In response to the Court's Order requiring him to show cause why his claim should not be dismissed without prejudice in light of Heck v. Humphrey, 512 U.S. 447, 489-90 (1994) (holding that "a § 1983 cause of action for damages attributable to an [allegedly] unconstitutional conviction or sentence does not accrue until the conviction or sentence has been invalidated."), Singleton has directed the Court's attention to Wallace v. Kato, 549 U.S. 384 (2007), for the proposition that claims such as his should be stayed rather than dismissed pending resolution of the criminal matter even if they would impugn an underlying criminal conviction. The Court has examined Wallace and notes that it also holds that the Heck rule for deferred accrual "should not be extended to delay accrual or the running of the statute of limitations for actions which would impugn an anticipated future conviction." See also Hornback v. Lexington-Fayette Urban Cty. Gov't, 905 F.Supp.2d 747, 749 (E.D. Ky. 2012) (applying Wallace's holding in context of Fourth Amendment search and seizure claim.).
Thus, while Singleton would have this Court determine that his action is not on hold by virtue of the holding of Heck v. Humphrey or that it should be placed on hold rather than dismissed by virtue of Wallace, neither argument is sufficient to salvage his claims. Plaintiff has persuaded the Court that he may proceed with the instant suit without further delay, but that is the end of the matter. He insists that his 42 U.S.C. § 1983 claims have accrued and, upon further consideration, the Court agrees.
Because all of the facts underlying Singleton's cause of action were complete and known or could have been known to him at the time of the investigatory actions of which he complains, the statute of limitations began to run at the latest on June 12, 2012.

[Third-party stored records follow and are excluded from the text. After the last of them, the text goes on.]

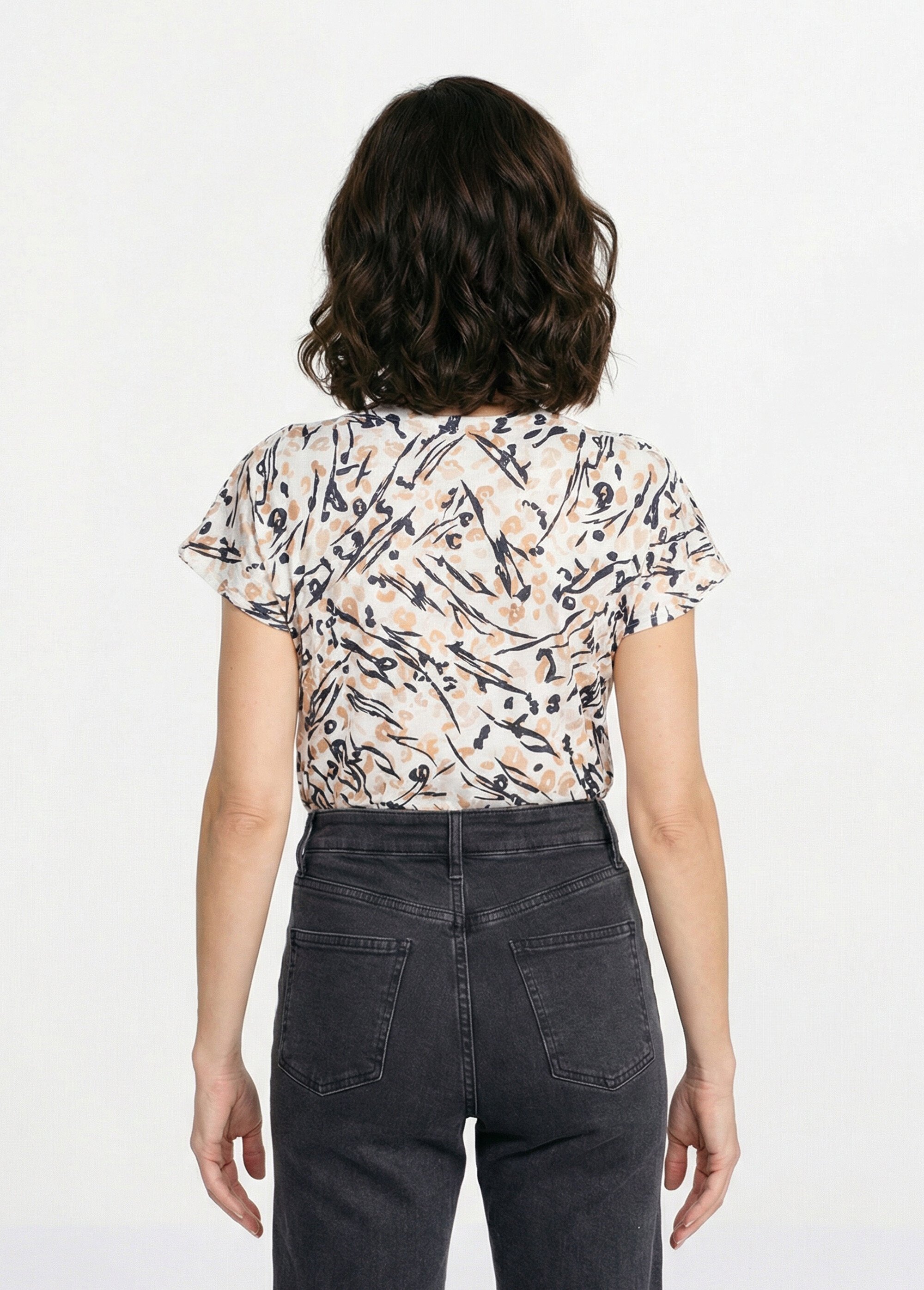 T-shirt maille gaufrée manches kimono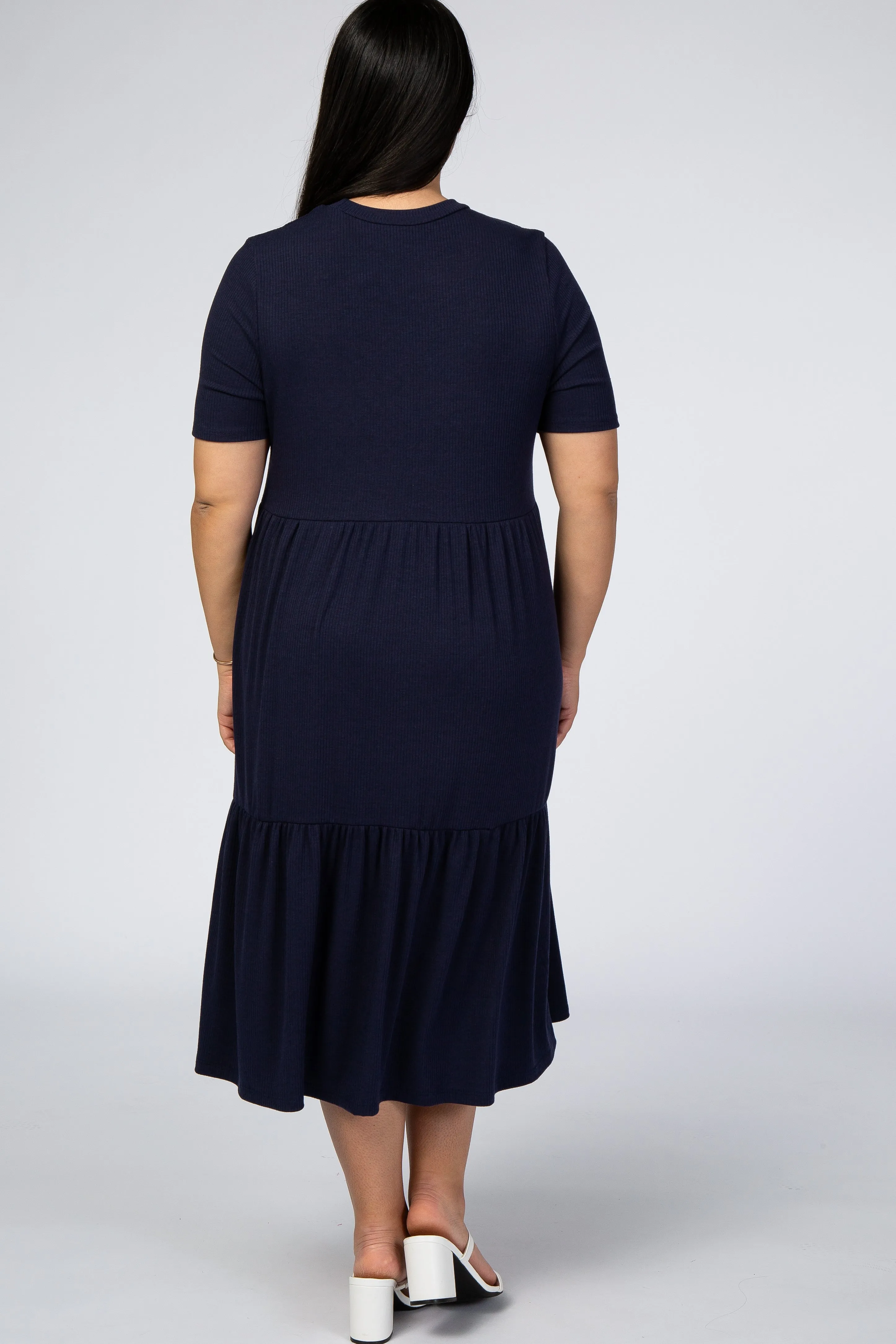 Navy Blue Ribbed Tiered Maternity Plus Dress sold by Pinkblush product image thumbnail 3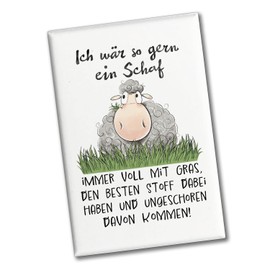 Sheep Souvenir Magnet Square with Saying Ich wär so gern EIN Schaf Fluffy Ironic Funny Sarcastic Decoration An Ambiguous Message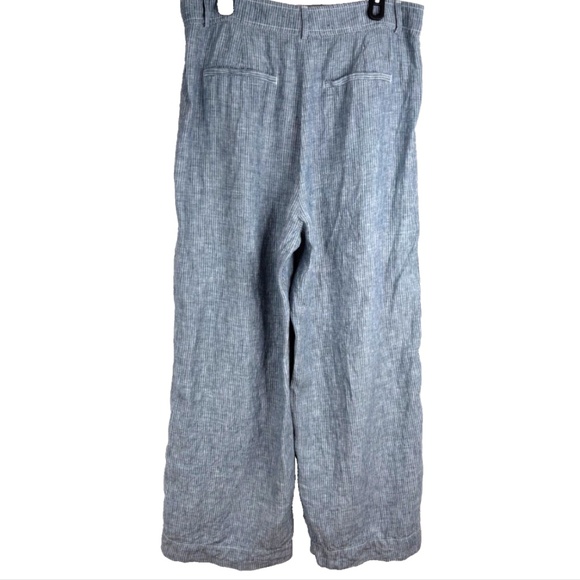 Everlane Linen Way-High Drape Pant 14 Wide Leg Pleated Blue Pinstripe Chambray - Picture 6 of 16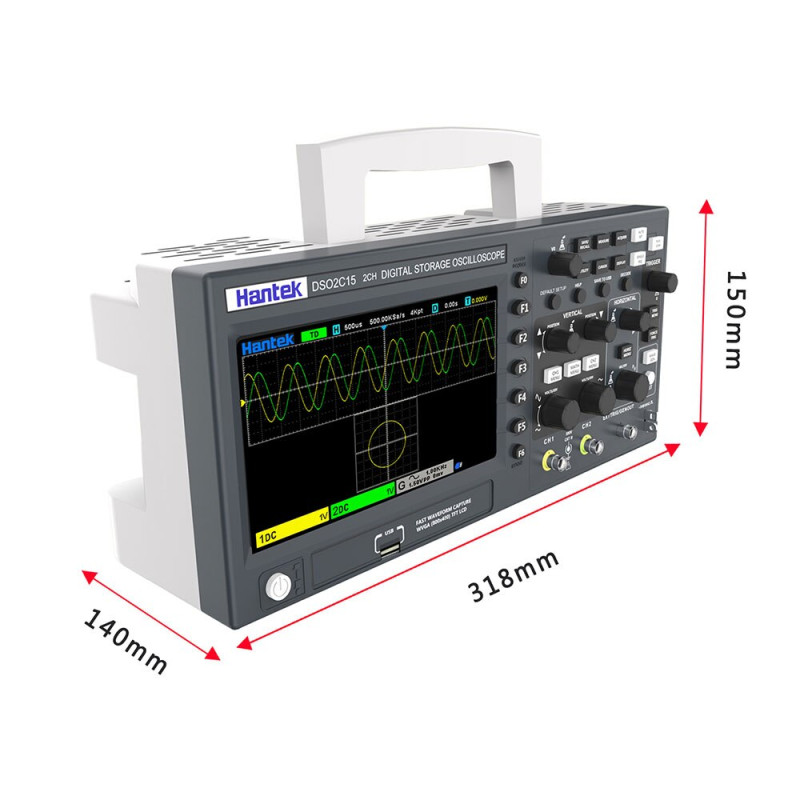 Портативний цифровий осцилограф Hantek DSO2C10 – компактний вимірювальний прилад для сигналів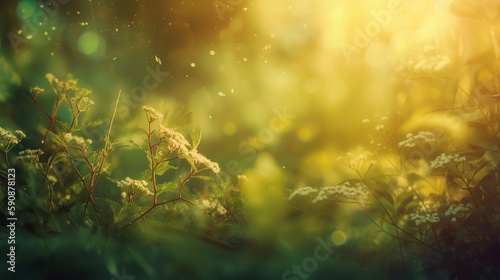 Spring background, colorful wildflowers and golden light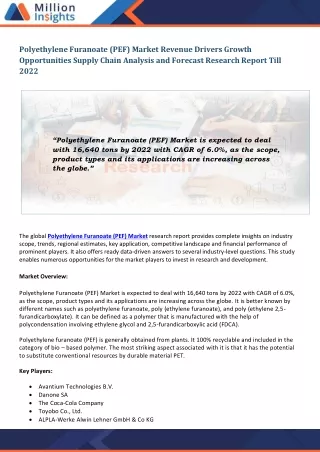 polyethylene furanoate pef market revenue drivers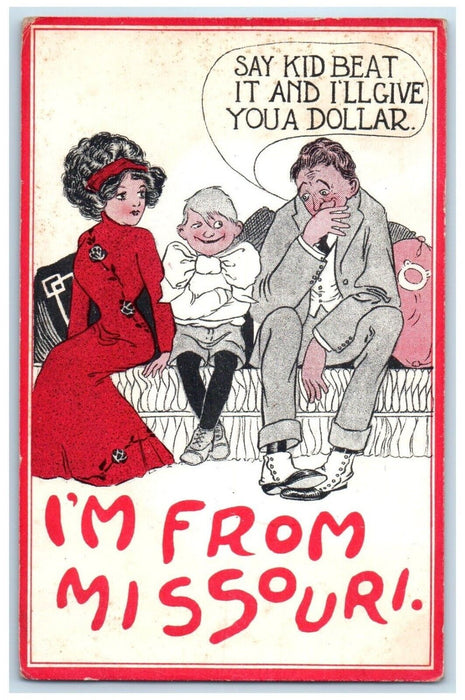 1912 Sad Kid Beat It And I'll Give You A Dollar From Missouri Duluth MN Postcard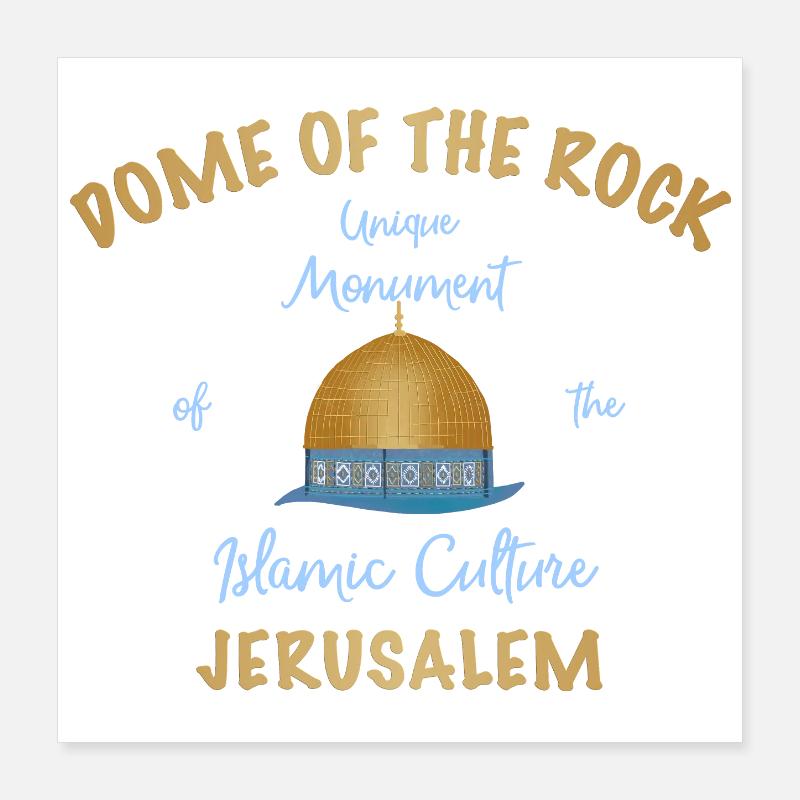 Dôme du Rocher sur le Mont du Temple, Jérusalem Poster 40 x 40 cm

The Court concludes that his federal claims pursuant to Fed. R. Civ. P. 12(b)(6) should be dismissed because the one-year statute of limitations applicable to Plaintiff's claims now bars his claims. While it is appropriate for the Court to resolve the matter at this time, the Court concludes that it may do so only after permitting Singleton an opportunity to be heard with respect to this argument. His claims shall be dismissed with prejudice unless he can show cause why the Court should not do so. Singleton should limit any response, if he has one, to the issue of accrual of his § 1983 claims and the running of the statute of limitations.